Monday, 24 November 2014

Generate a subset of pseudo-random permutations in non mega-huge time

One of the neat things about sending packages via sendle is that you don't have to print out a label or even know the address of your recipient (this is done so the recipient can keep their address private if they want). Instead, we give the sender a pair of unique code-names to put onto the package. So instead of J Random Shop-assistant at EvilCorp getting your full address, instead you write something like "From: Golden Lion To: Red Tiger".

It's fun, as well as effective - like secret-agent names.

but it does present us with an interesting problem - how do we generate unique codenames for potentially many, many packages.

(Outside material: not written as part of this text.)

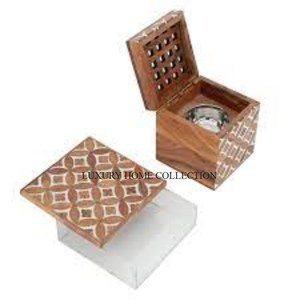Atractiva caja de dulces con base de madera con intrincado acabado de alta calidad para las necesidades de regalos de almacenamiento de dulces de lujo - Product Image 6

Codenames are assigned for every package, not just for every person - that way your humble shop assistant at EvilCorp can't get any info on your shopping habits based on your codename cropping up time and again either. So that means we need lots and lots of codenames, and they must be pretty randomised too.

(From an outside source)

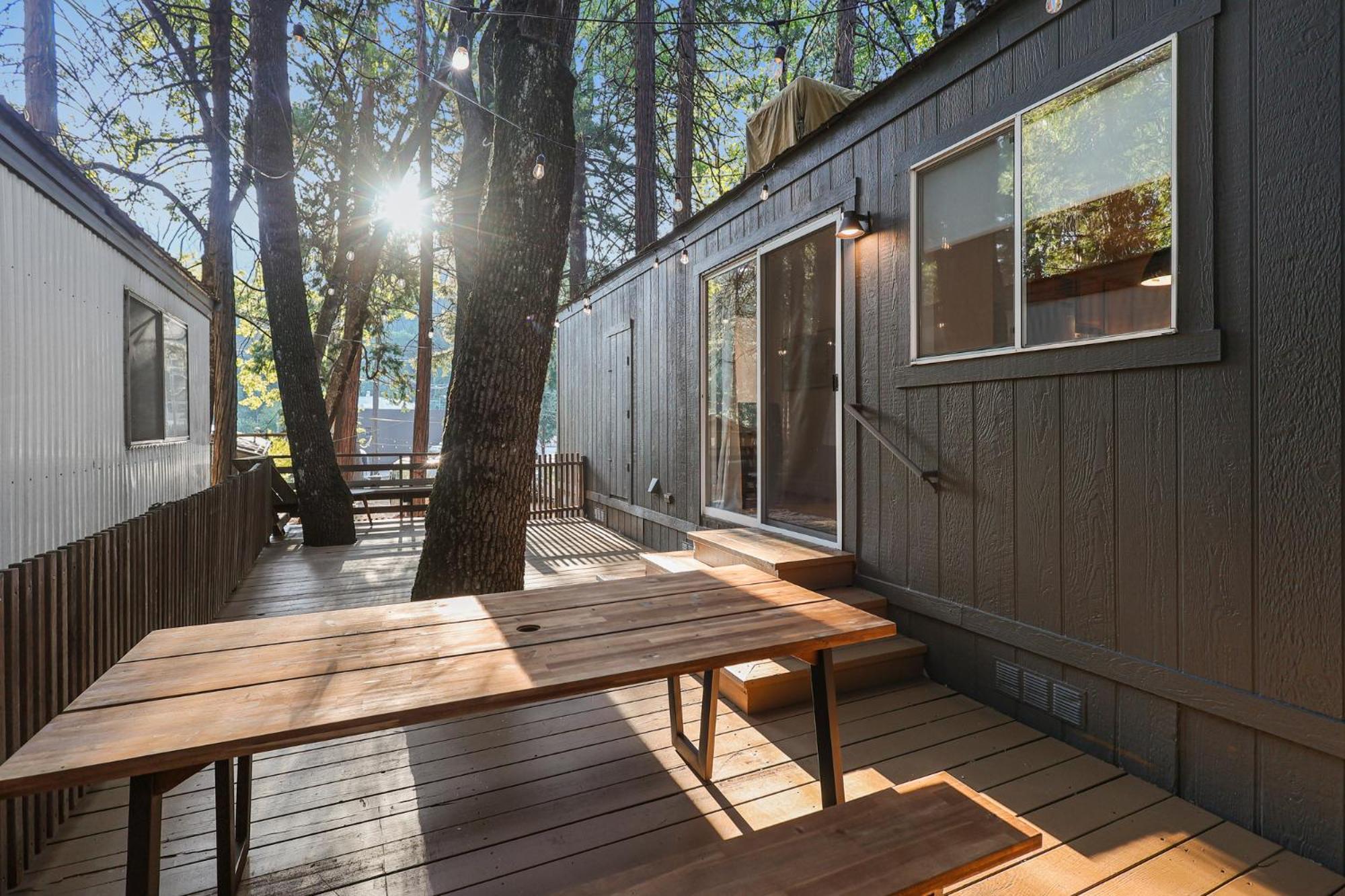 Cave Springs Aparthotel *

As mentioned, our codenames are basically of the form "<adjective> <noun>", and we have a medium-sized stock of adjectives and nouns to build from.

With 100 adjectives and 50 nouns, that's a total of 5000 possible codephrases... but the codephrase generated could be used as either the "from" or "to" (as long as it's not reused for a while), so choosing a pair of such codephrases from a set of 5000 (without repetition) gives us 5000*4999 (or 24995000) possible permutations.

That's a lot.

It takes up a fair bit of db space, and it would take quite some time to generate all the possibilities and randomise them too.

So we decided not to do that... but instead, to generate a much smaller sub-set, on the fly (ie when we got close to running out).

Which leaves us with a different problem... how to do that effectively.

The solution that was in place before I arrived, was done in SQL (because it's always faster to let the db do it, right?), and involved doing a four-way cross-join on the adjectives+nouns... and then ordering them randomly... and using a limit to only actually keep a set amount... and then only inserting into our db those that weren't already there (done using an insert where select = 0)

Sadly, when performance testing, this was discovered to be exceedingly slow... ie when it was triggered, it would take 15min or so to run, causing all other "create a package" processes to block waiting for a new code to be generated... which was unacceptable. Sure, we could run this overnight instead, but hey, what if a Good Problem occurred and we had so many orders one day that we ran out in between overnight-runs?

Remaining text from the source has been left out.